Problem statement — Beginning with the first line, return the material verbatim and without pictures.
══ Data provided ══
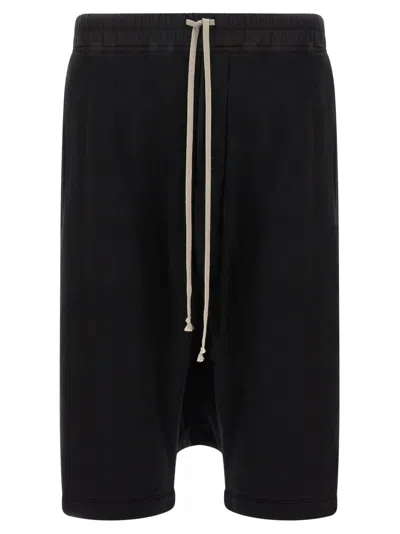 Rick Owens Black Drawstring Pods Bermuda Shorts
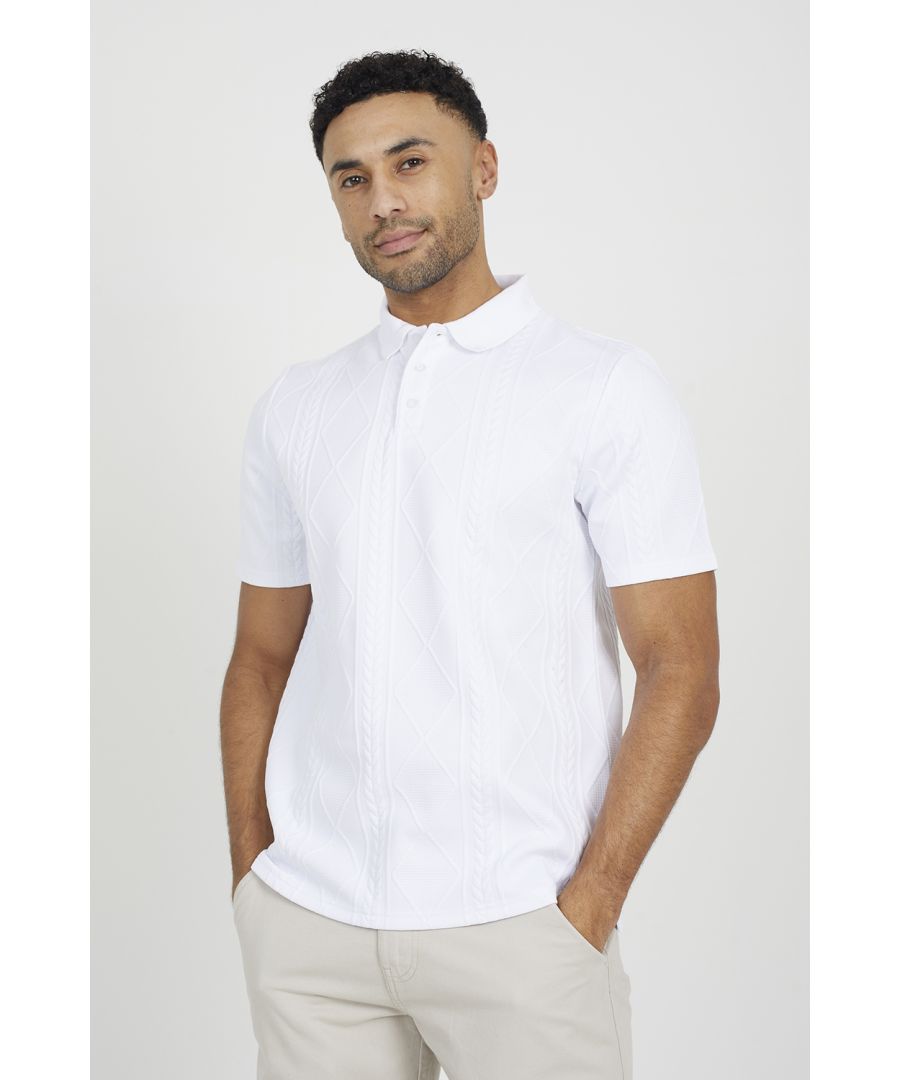 Brave Soul Mens White 'Brandon' Jaquard Knit Polo Shirt - Size Small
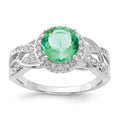 Cheryl M Sterling Silver CZ and Simulated Paraiba Tourmaline Faceted Ring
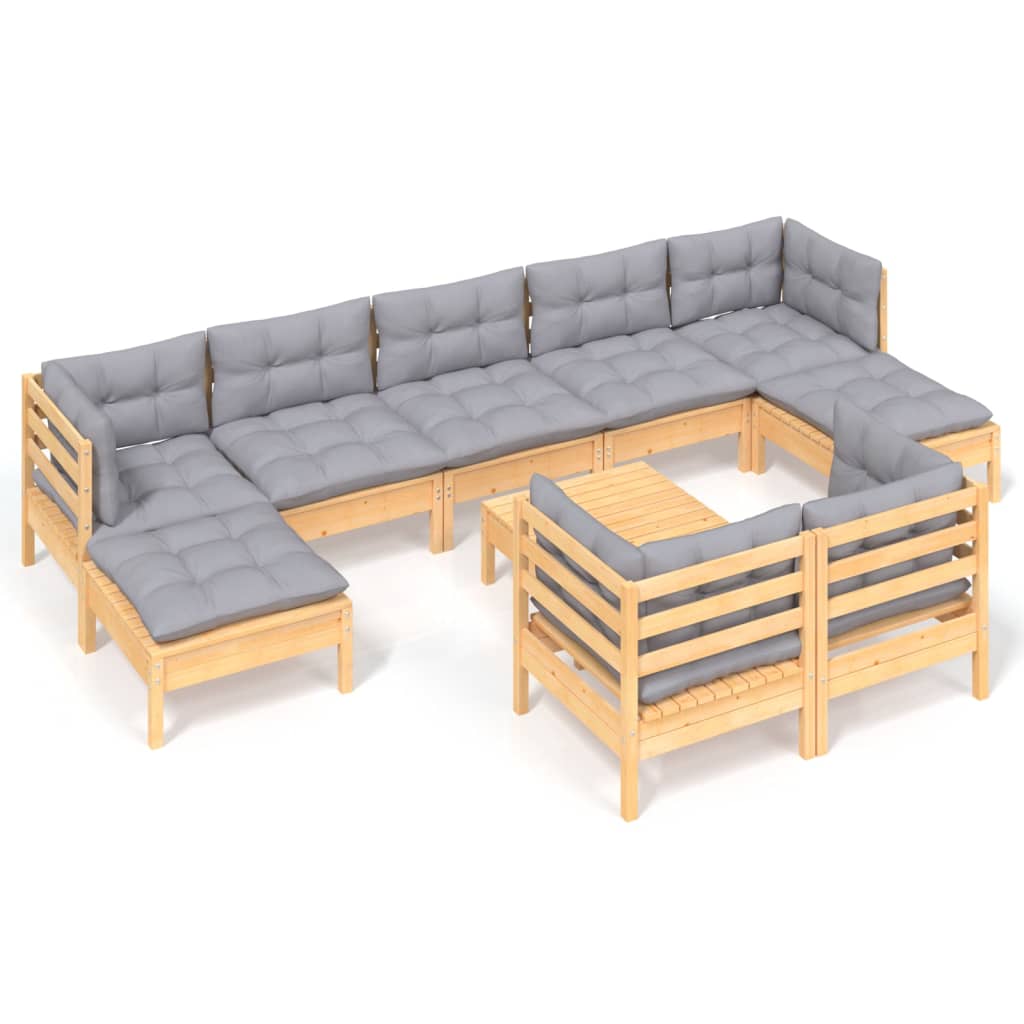 Salon de jardin 10 pcs avec coussins gris bois de pin massif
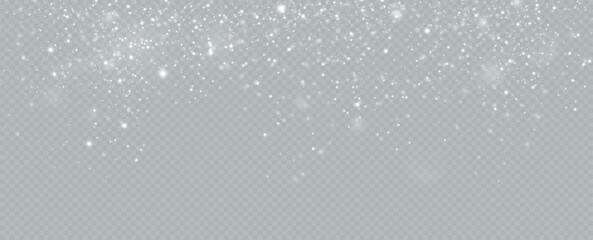 Realistic falling snow.Christmas background.Isolated on transparent background.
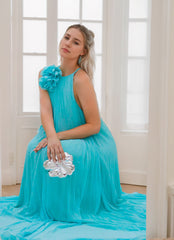 A-Line/Princess Halter Neck Sleeveless Chiffon Prom Dresses with Flower & Ruffles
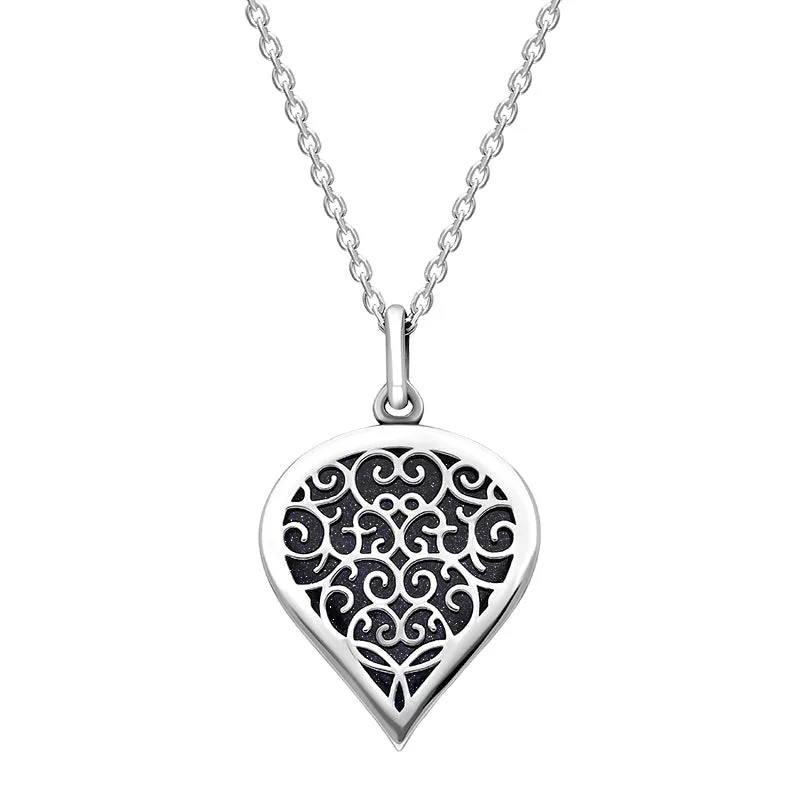 9ct White Gold Blue Goldstone Flore Filigree Medium Heart Necklace sold by Jura Watches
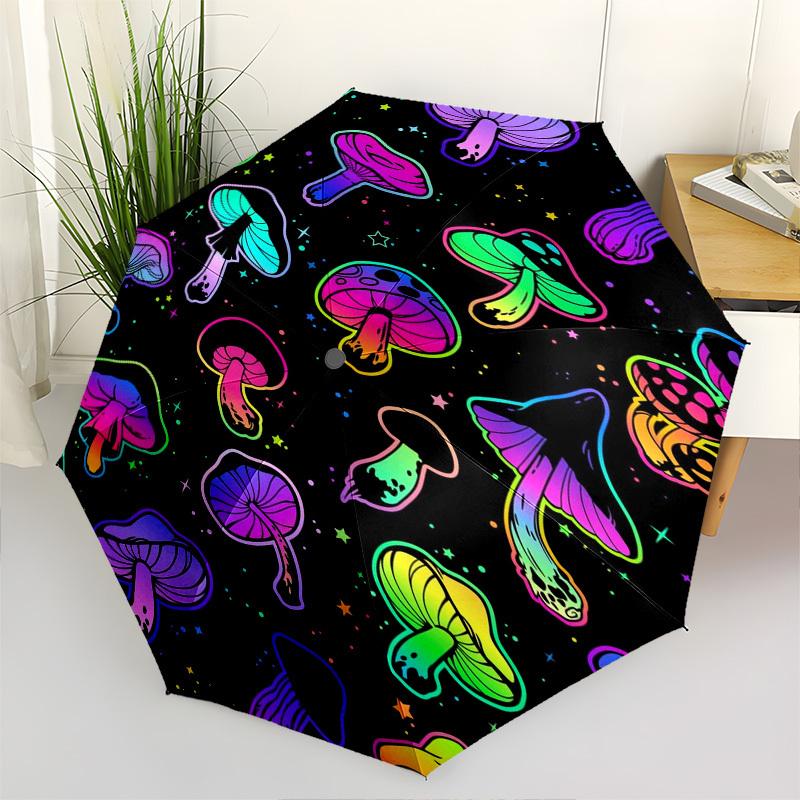 

Mushroom Rainbow- Automatic umbrella,Suitable for Men and Women, Outdoor Accessories, Suitable for Birthdays 0984b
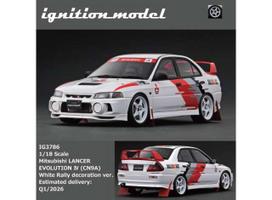 PRE-ORD3R Ignition Modeliukas 1/18 Mitsubishi Lancer Evolution IV (CN9A),white rally decoration version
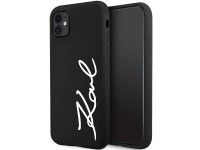 Karl Lagerfeld KLHCN61SKSVGK iPhone 11 / Xr 6.1" capa rígida preta/preta de silicone com assinatura Karl Lagerfeld KLHCN61SKSVGK iPhone 11 / Xr 6.1" capa rígida preta/preta de silicone com assinatura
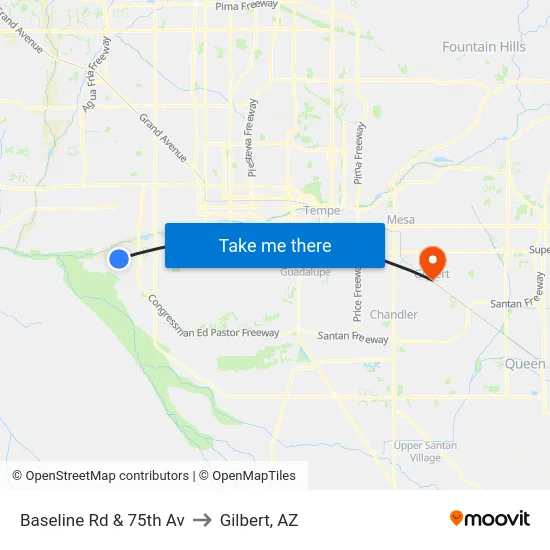 Baseline Rd & 75th Av to Gilbert, AZ map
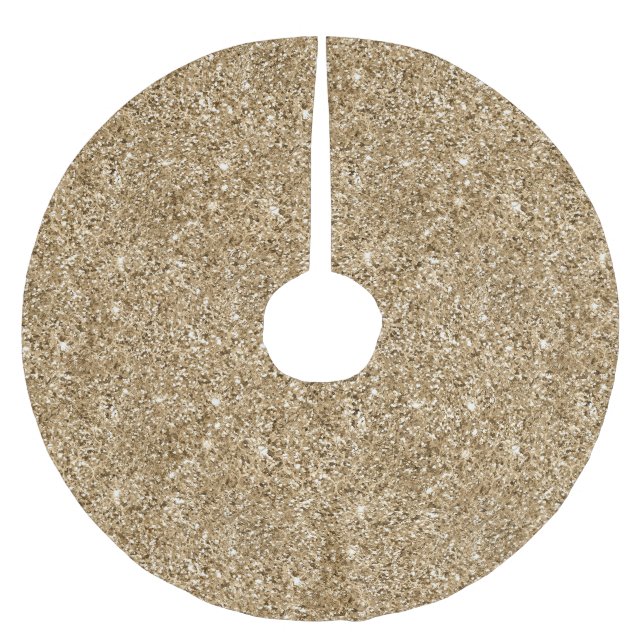 Chic Bronze Guld Glitter Julgransmatta Borstad Polyester (Framsidan)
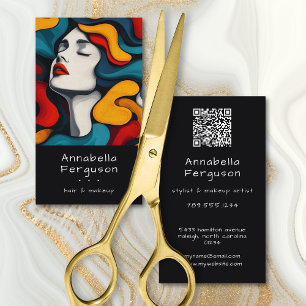 Moderne Pop Art Retro Kleurrijke Haar Make-up QR-c Visitekaartje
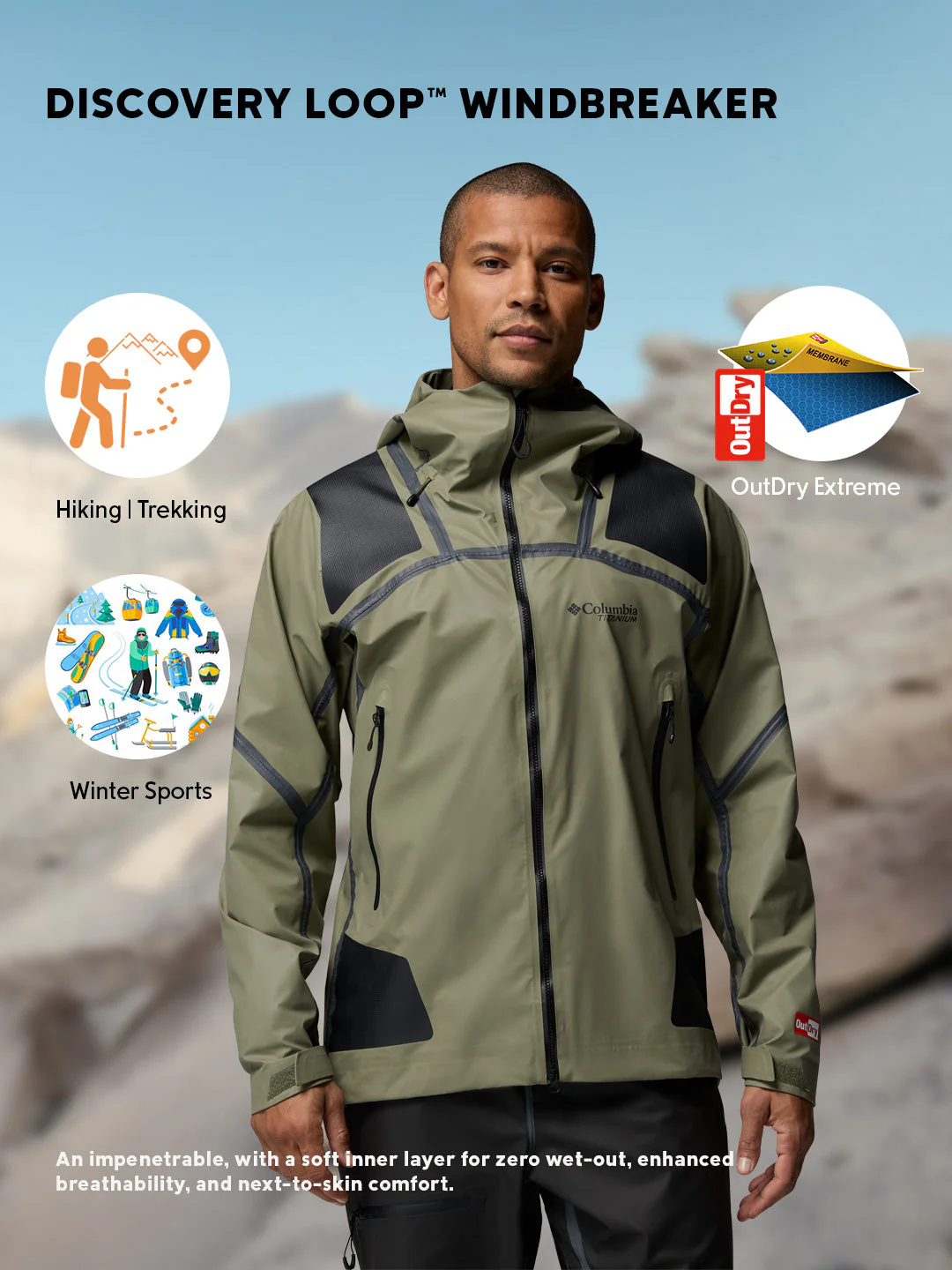 Columbia Men Olive Green OutDry Whistler Peak Shell Rain Jacket - Image 2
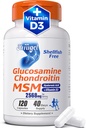 Glucosamine Chondroitin MSM + 维生素D3 + 脱壳鱼-无壳鱼-流动,灵活性和骨质健康联合支持补充 → 非GMO,无胶体,无豆类 – 男女7-in-1公式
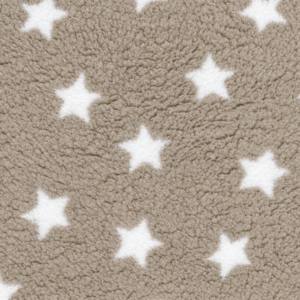 Tejido Sherpa Fleece Estrellas Beige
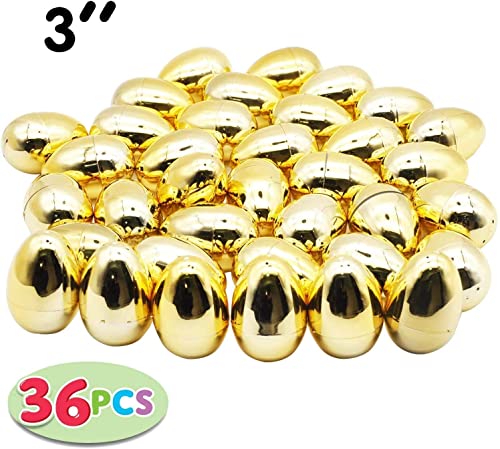 Paquete de 36 huevos de Pascua metálicos dorados brillantes de 5,7 cm de color dorado para rellenar golosinas específicas, regalo de fiesta temática de Pascua, caza de Pascua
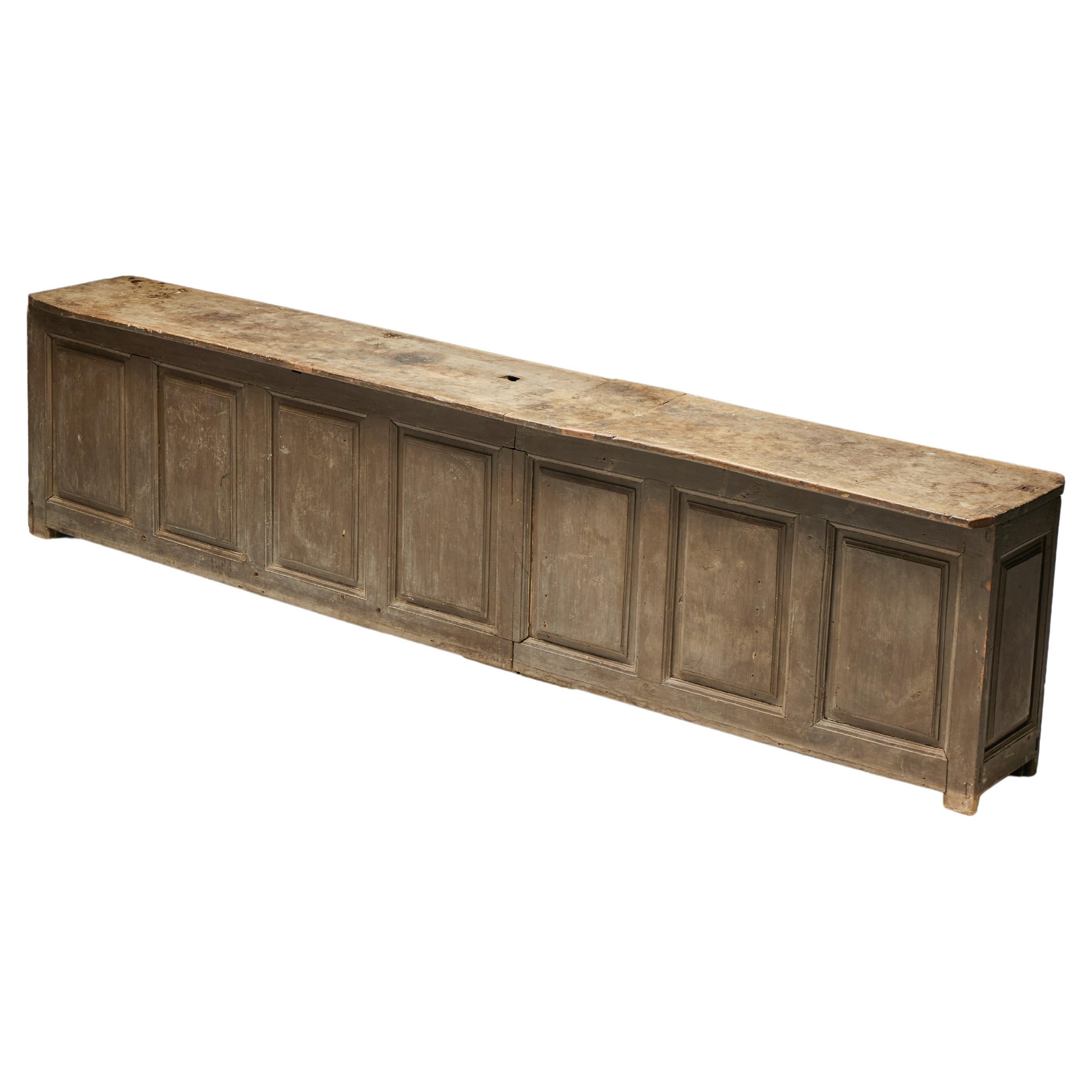 Rustic Art Populaire Freestanding Bar Counter, France, 19th Century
═══
Solution —
 Rick Owens Black Drawstring Pods Bermuda Shorts
 Brave Soul Mens White 'Brandon' Jaquard Knit Polo Shirt - Size Small
 Cheryl M Sterling Silver CZ and Simulated Paraiba Tourmaline Faceted Ring
 Salon de jardin 10 pcs avec coussins gris bois de pin massif
 Realistic falling snow.Christmas background.Isolated on transparent background.
 A-Line/Princess Halter Neck Sleeveless Chiffon Prom Dresses with Flower & Ruffles
 9ct White Gold Blue Goldstone Flore Filigree Medium Heart Necklace sold by Jura Watches

Mushroom Rainbow- Automatic umbrella,Suitable for Men and Women, Outdoor Accessories, Suitable for Birthdays 0984b
 PRE-ORD3R Ignition Modeliukas 1/18 Mitsubishi Lancer Evolution IV (CN9A),white rally decoration version
 Karl Lagerfeld KLHCN61SKSVGK iPhone 11 / Xr 6.1" capa rígida preta/preta de silicone com assinatura Karl Lagerfeld KLHCN61SKSVGK iPhone 11 / Xr 6.1" capa rígida preta/preta de silicone com assinatura
 Baseline Rd & 75th Av to Gilbert, AZ map
 Chic Bronze Guld Glitter Julgransmatta Borstad Polyester (Framsidan)
 Moderne Pop Art Retro Kleurrijke Haar Make-up QR-c Visitekaartje
 Columbia Men Olive Green OutDry Whistler Peak Shell Rain Jacket - Image 2
 Glucosamine Chondroitin MSM + 维生素D3 + 脱壳鱼-无壳鱼-流动,灵活性和骨质健康联合支持补充 → 非GMO,无胶体,无豆类 – 男女7-in-1公式
 Tejido Sherpa Fleece Estrellas Beige
 Paquete de 36 huevos de Pascua metálicos dorados brillantes de 5,7 cm de color dorado para rellenar golosinas específicas, regalo de fiesta temática de Pascua, caza de Pascua
 Rustic Art Populaire Freestanding Bar Counter, France, 19th Century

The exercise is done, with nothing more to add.